Aunque el fiel testimonio de Cirilo de Jerusalén se remonta a los primeros siglos del cristianismo, sus claras y penetrantes palabras siguen siendo muy relevantes hasta el día de hoy. Proclamado Doctor de la Iglesia en 1882 por León XIII, sus escritos fueron citados en dos importantes constituciones dogmáticas del Concilio Vaticano II: Lumen Gentium, sobre la Iglesia, y Dei Verbum, sobre la Revelación Divina. La necesidad de la formación doctrinal del pueblo para conducirlo a la verdad fue la guía constante de la acción y del trabajo pastoral de este santo.

Las catequesis sobre la iniciación cristiana

Probablemente nació en Jerusalén en 315, al comienzo de la era Constantiniana, cuando las comunidades cristianas dejaron de ser clandestinas y la fe en Jesucristo, por orden imperial, se convirtió en la religión oficial. Recibió su fe de sus padres. Desde muy joven practicó el ascetismo, viviendo la pobreza y el celibato. A los treinta años fue ordenado sacerdote y se dedicó inmediatamente a la preparación de los catecúmenos para recibir el sacramento del bautismo. Durante estos años, comenzó sus famosas 24 catequesis, dentro de las cuales vertió su excelente formación literaria centrada en el amor y en el estudio de la Biblia. El rigor doctrinal combinado con una habilidad innata para transmitir difíciles conceptos metafísicos a través de un lenguaje simple y evocador no pasó desapercibido, tanto fue así que alrededor del año 348 fue consagrado obispo de Jerusalén, sucediendo a Máximo.

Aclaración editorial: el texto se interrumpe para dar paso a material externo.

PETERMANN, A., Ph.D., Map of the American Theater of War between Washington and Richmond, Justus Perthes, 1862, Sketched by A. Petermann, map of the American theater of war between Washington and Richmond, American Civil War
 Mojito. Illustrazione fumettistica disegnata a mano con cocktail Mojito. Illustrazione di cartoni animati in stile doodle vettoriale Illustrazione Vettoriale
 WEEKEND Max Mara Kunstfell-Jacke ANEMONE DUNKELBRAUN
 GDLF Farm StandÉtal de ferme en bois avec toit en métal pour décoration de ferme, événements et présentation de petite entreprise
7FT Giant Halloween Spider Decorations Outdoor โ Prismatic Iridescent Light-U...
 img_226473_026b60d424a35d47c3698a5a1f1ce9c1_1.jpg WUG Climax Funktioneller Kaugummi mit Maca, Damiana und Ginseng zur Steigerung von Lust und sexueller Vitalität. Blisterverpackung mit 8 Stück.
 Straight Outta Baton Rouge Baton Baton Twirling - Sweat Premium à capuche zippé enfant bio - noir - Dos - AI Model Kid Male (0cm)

La lucha contra las herejías

Como obispo, Cirilo se distinguió inmediatamente por su actitud pacífica y su capacidad de mediación, virtudes que, sin embargo, no disminuyeron su firme acción contra la división de la comunidad, las herejías y las malas costumbres. Defendió la pureza de la fe, fomentando la renovación espiritual. La Iglesia en ese momento estaba de hecho atravesada por doctrinas heterodoxas y heréticas y había fuertes contrastes teológicos con los arrianos. Aunque Cirilo ha sido recordado por algunos como partidario de las tesis arrianas, en sus tiempos de juventud, en su edad adulta, en cambio, adhirió resueltamente al Símbolo de Nicea, (el Credo de Nicea), proclamado por el primer Concilio Ecuménico del 325, que definió la preexistencia de Cristo poniendo fin a la disputa cristológica sostenida por los arrianos.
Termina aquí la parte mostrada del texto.